(To do)
The listing below should be printed exactly, every line of it. Skip the pictures.

(Information shown)

|---|

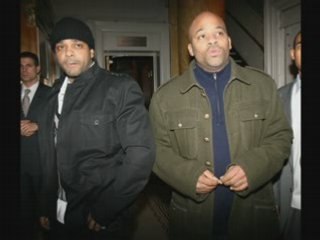 Jim Jones - Good Shit [NEW SONG]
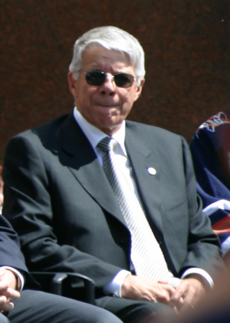 Cal Nichols in 2006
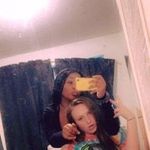 April Carney - @abrils_spam_ - Instagram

|---|

(Solution for this problem)
 Jim Jones - Good Shit [NEW SONG]
 Cal Nichols in 2006
 April Carney - @abrils_spam_ - Instagram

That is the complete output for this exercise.